### EXERCISE
Somewhere below are a line with "costco-west-broad-Cropped-2048x1152.jpg" and a later line with "Decoración residencial de". Output exactly those lines and all lines between them.

======== MATERIAL PROVIDED ========

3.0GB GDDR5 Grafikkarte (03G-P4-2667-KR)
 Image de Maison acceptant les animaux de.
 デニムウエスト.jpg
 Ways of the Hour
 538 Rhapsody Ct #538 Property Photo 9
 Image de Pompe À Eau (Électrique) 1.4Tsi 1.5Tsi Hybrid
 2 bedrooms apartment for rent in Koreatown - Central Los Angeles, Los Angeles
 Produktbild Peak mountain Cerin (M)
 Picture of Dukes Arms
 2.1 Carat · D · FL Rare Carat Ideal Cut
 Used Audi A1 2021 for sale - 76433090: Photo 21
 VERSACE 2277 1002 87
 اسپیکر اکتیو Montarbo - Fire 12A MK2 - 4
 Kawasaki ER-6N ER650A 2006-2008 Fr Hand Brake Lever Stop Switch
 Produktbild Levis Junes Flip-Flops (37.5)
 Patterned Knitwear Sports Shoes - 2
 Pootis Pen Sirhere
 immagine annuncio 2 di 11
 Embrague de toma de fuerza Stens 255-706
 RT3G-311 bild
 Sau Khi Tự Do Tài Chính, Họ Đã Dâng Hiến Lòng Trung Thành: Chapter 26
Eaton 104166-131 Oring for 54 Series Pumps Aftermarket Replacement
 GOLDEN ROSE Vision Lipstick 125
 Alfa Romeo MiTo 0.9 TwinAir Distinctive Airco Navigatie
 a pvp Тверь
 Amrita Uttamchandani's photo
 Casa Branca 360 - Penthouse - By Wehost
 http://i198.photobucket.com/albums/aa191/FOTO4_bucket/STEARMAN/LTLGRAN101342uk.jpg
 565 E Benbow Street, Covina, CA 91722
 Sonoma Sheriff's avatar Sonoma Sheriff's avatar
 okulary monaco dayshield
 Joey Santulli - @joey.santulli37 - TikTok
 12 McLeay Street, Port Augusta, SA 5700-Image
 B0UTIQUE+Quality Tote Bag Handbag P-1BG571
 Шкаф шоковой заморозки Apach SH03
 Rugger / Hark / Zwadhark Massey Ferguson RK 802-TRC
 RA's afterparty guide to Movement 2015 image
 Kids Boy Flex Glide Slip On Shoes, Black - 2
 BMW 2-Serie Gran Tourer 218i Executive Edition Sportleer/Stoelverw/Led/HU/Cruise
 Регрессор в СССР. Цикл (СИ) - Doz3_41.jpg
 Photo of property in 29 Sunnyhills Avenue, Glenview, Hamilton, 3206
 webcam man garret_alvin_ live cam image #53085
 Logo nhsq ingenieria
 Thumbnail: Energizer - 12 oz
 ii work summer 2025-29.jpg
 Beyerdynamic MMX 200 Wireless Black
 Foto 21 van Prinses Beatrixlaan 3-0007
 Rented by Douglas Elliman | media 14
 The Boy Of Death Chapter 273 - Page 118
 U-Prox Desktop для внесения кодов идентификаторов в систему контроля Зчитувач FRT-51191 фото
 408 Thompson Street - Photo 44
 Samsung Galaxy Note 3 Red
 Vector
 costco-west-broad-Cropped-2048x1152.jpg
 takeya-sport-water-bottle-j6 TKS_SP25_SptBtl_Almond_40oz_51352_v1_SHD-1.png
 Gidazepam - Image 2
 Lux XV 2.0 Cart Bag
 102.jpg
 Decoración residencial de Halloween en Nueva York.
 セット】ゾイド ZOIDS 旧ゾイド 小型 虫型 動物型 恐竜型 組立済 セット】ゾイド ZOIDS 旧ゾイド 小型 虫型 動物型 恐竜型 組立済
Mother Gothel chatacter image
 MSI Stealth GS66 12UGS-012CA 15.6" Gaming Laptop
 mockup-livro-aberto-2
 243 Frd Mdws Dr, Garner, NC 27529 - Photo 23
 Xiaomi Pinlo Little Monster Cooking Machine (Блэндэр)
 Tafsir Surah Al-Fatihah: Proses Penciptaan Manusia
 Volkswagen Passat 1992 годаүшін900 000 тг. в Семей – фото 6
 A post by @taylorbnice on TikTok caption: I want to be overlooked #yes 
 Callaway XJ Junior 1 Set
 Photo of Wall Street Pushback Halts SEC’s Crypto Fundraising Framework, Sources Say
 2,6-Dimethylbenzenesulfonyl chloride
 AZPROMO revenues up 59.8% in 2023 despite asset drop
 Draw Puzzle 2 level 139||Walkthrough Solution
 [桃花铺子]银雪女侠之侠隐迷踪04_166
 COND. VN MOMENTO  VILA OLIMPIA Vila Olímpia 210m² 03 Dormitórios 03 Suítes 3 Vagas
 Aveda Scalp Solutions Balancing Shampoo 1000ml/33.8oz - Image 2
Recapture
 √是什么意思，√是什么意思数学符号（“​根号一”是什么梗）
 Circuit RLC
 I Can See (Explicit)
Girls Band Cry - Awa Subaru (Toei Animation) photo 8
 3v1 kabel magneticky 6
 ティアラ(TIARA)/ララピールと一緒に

========

### ANSWER BOX
 costco-west-broad-Cropped-2048x1152.jpg
 takeya-sport-water-bottle-j6 TKS_SP25_SptBtl_Almond_40oz_51352_v1_SHD-1.png
 Gidazepam - Image 2
 Lux XV 2.0 Cart Bag
 102.jpg
 Decoración residencial de Halloween en Nueva York.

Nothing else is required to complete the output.